The White City Rebels were a motorcycle speedway team who operated from the White City Stadium, Wood Lane in London.

History
White City were inaugural members of the Southern League in 1929 but only raced for the one season. The White City team were due to race in the 1930 Southern League, but they withdrew from the league before it started. The stadium then ran once again using an Open Licence and held occasional one-off meetings between (1953–1958, 1961) until a new league team was formed, from the Oxford Rebels team in 1976. They re-opened in 1976 under the promoters Danny Dunton and Bob Dugard. They were managed by Danny Dunton's son, Lee Dunton. They had previously raced at Oxford as the Oxford Rebels, but a threat of track closure and sell-off for development in 1975 caused the promoters to seek a new venue.
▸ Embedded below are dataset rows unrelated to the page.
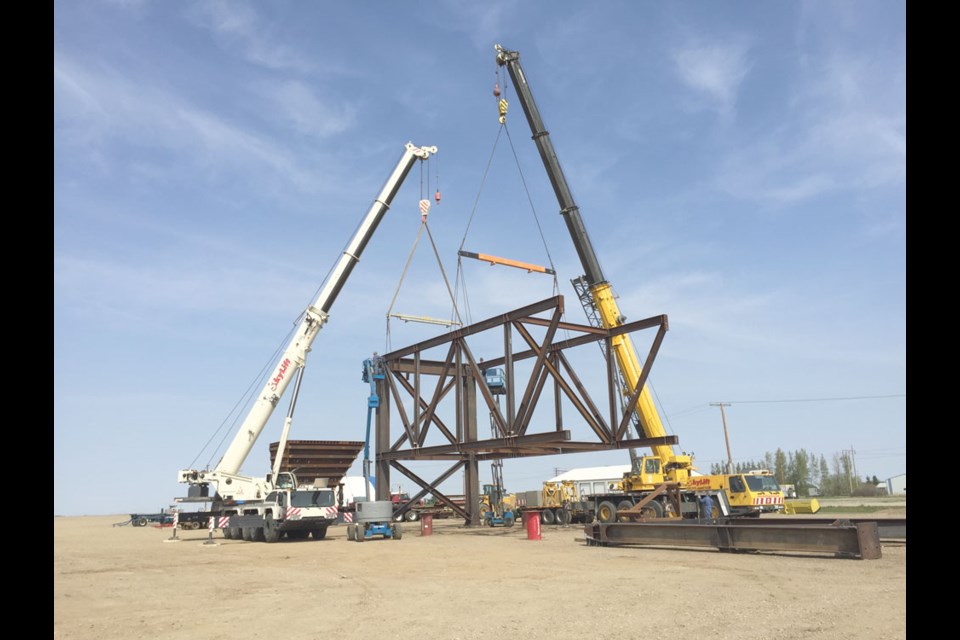 Two cranes from Skylift Services perform a tandem lift. Photo submitted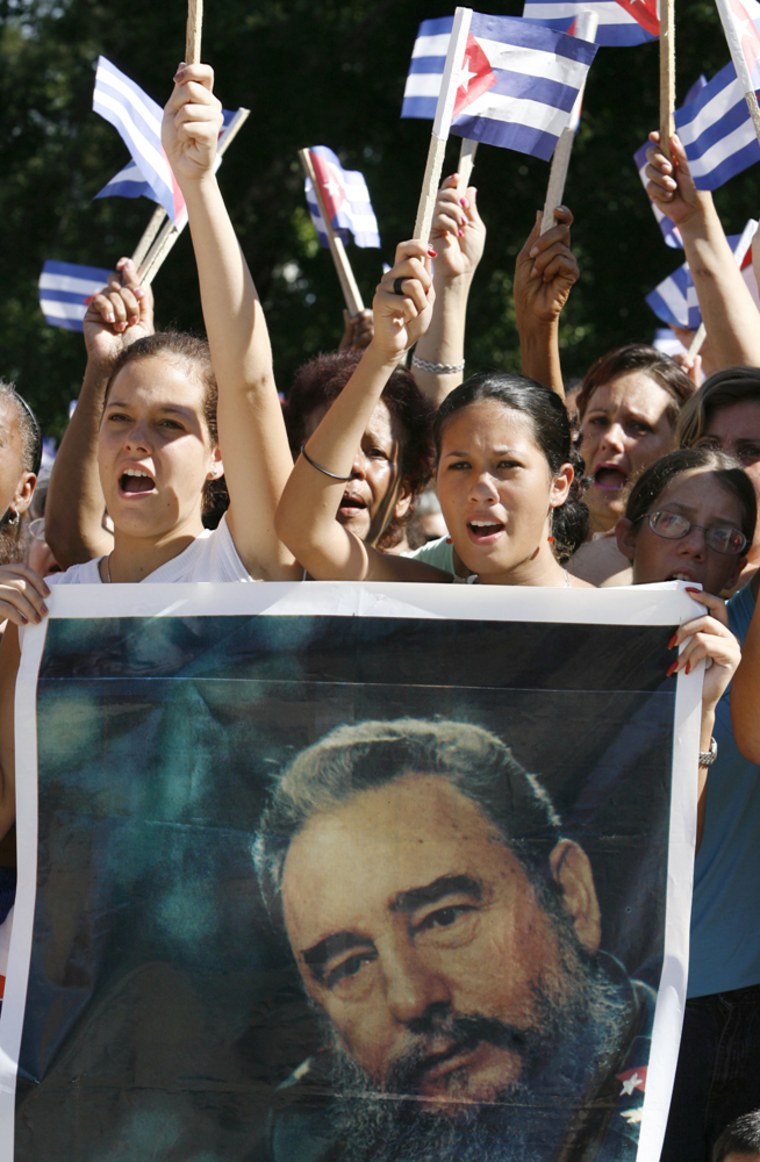 Girls in Havana hold a picture of Cuban leader Fidel Castro during a gathering on Sunday.
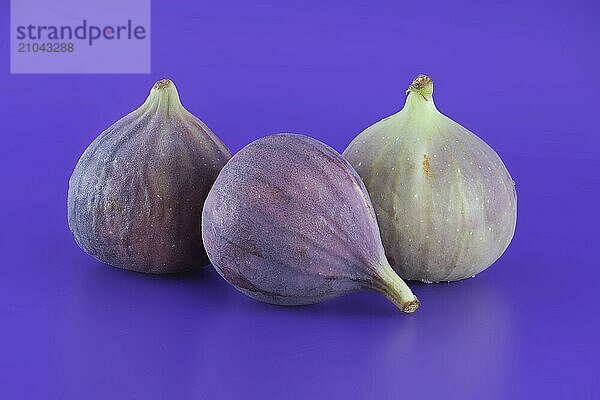 Pile of fresh figs over purple background. Full depth of field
In 1977, White City Rebels won the 1977 British League season title in only their second season of existence. The London team caused a surprise with their consistent form throughout the season with heavy scoring of Gordon Kennett leading the team. The success came from a group of five other riders hitting around a seven average to support Kennett. The five were Englishmen Mike Sampson, Steve Weatherley and Trevor Geer, Pole Marek Cieślak and Finn Kai Niemi.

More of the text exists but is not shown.